About this work
Schuman used to say that he wrote "eight symphonies numbered three through ten." He withdrew the first (1935) and second (1937), although both were performed in the New York area. Aaron Copland heard a broadcast of the Second Symphony, and in the pages of Modern Music anointed Schuman the "new composer of the year." Copland did more, however; he showed the work to one of his champions, Serge Koussevitzky, music director of the Boston Symphony Orchestra, who responded with a commission for Schuman's American Festival Overture (1939), with the stipulation "Now forget Roy Harris" (Schuman's counterpoint advisor during a summer session at the Juilliard School in 1936).
But the young composer was clever as well as gifted. He assimilated Harris' mastery of counterpoint -- made it, in fact, his signature. He also developed a polychordal vocabulary as structural undergirding for the rest of his career. He added complex rhythmic logic that moved his music at whatever speeds best suited the "message."
From the Third Symphony on, Schuman's musical vocabulary was uniquely personal and innately muscular. He was a "masculine" composer during a notably homosexual-oriented period in American music -- Griffes, Copland, Barber, Thomson, Blitzstein, Menotti, Diamond, and later, Bernstein. Though not alone, Schuman was nonetheless in a sizable minority. His music was not without tenderness -- even gentleness, as in the Chorale that opens the second half of the neo-Baroque Third Symphony. He used consonance sparingly, and because of his abstinence, all the more effectively. He liked sevenths and fourths and minor ninths, polytonal clashes, harmonic and rhythmic surprises. Unlike Harris, whom he surpassed within a few years, Schuman knew how to make music move, and how to engender excitement in audiences.

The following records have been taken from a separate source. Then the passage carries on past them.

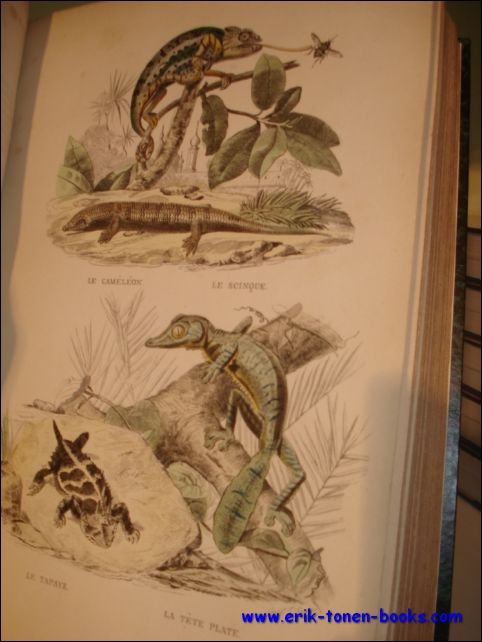 Histoire Naturelle de Lac p de. Comprenant les C tac …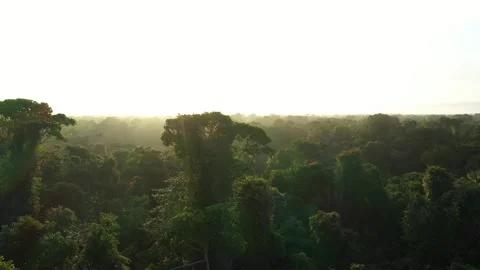 Amazon Rainforest Drone 4K (4) Stock Footage 300893273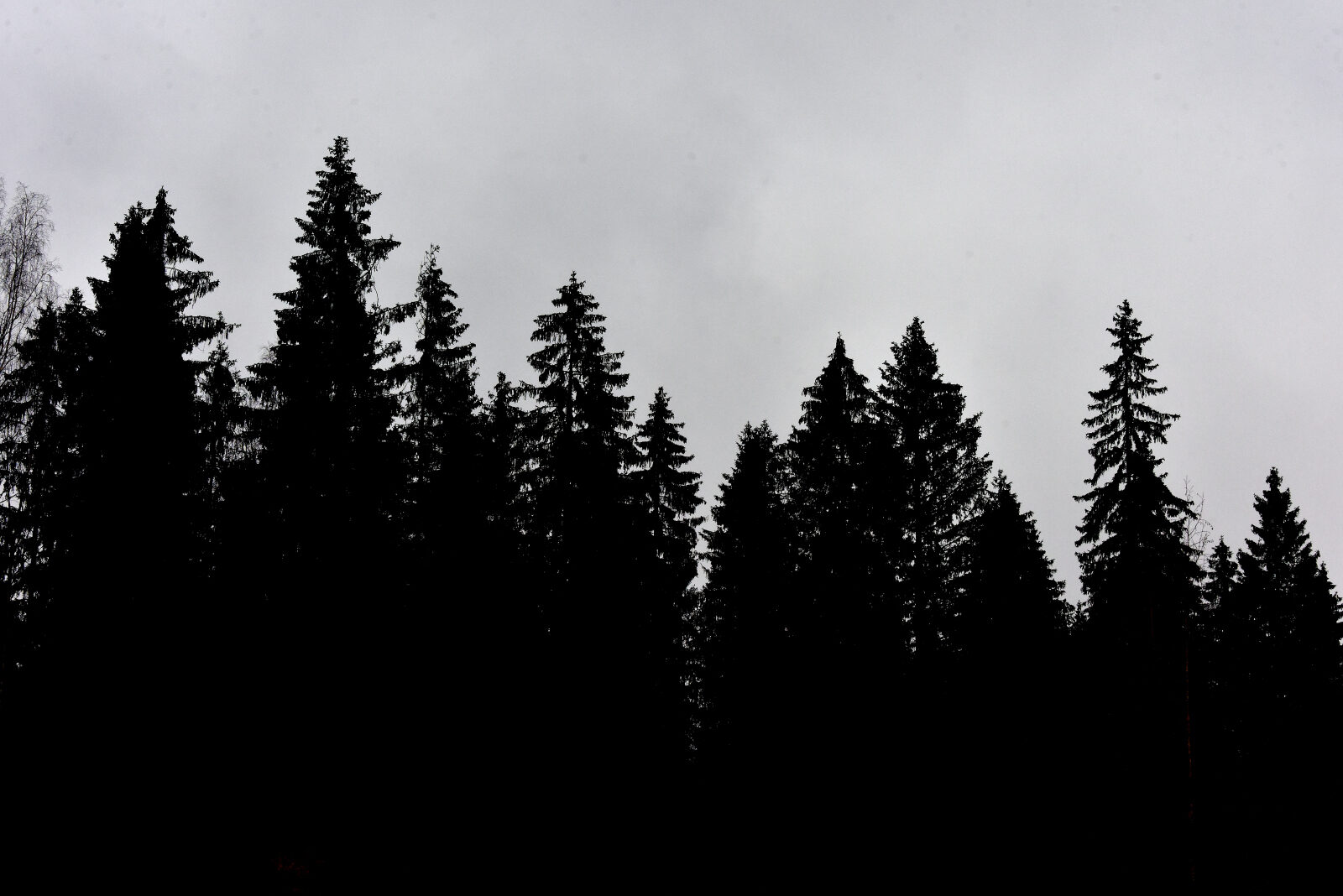 Valokuvaaja: Reijo Juurinen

No work is more characteristic than the Symphony No. 3, completed January 11, 1941, when he was 30, and premiered by Koussevitzky in Boston on October 17 of that year. Like Saint-Saëns' Symphony No. 3, it has two movements that subdivide into four. The work begins with a Passacaglia. Its seven-bar theme is repeated seven times, each appearance a half step higher than its predecessor, before Schuman gives free rein to his sense of fantasy. This leads to a fugue derived from the opening movement, again with each of four voices entering a half step higher than the last, followed by four variations for different choirs.
Part Two begins with a subdued 20-measure andantino chorale for strings before a solo trumpet sings one of Schuman's sweetest songs. This section builds to a climax of eloquent sonority before subsiding. Next, over a low, sustained B natural in the bassoons, the snare drum introduces a rhythmic pattern for the concluding toccata. The leggiero principal subject, played by a bass clarinet, derives from the original passacaglia, and then it's off to the races.
Midway, the action slows for a powerfully sonorous episode for solo cello followed by the rest of the section playing divisi. Thereafter the movement accelerates to a smashing, syncopated, emphatically tonal conclusion.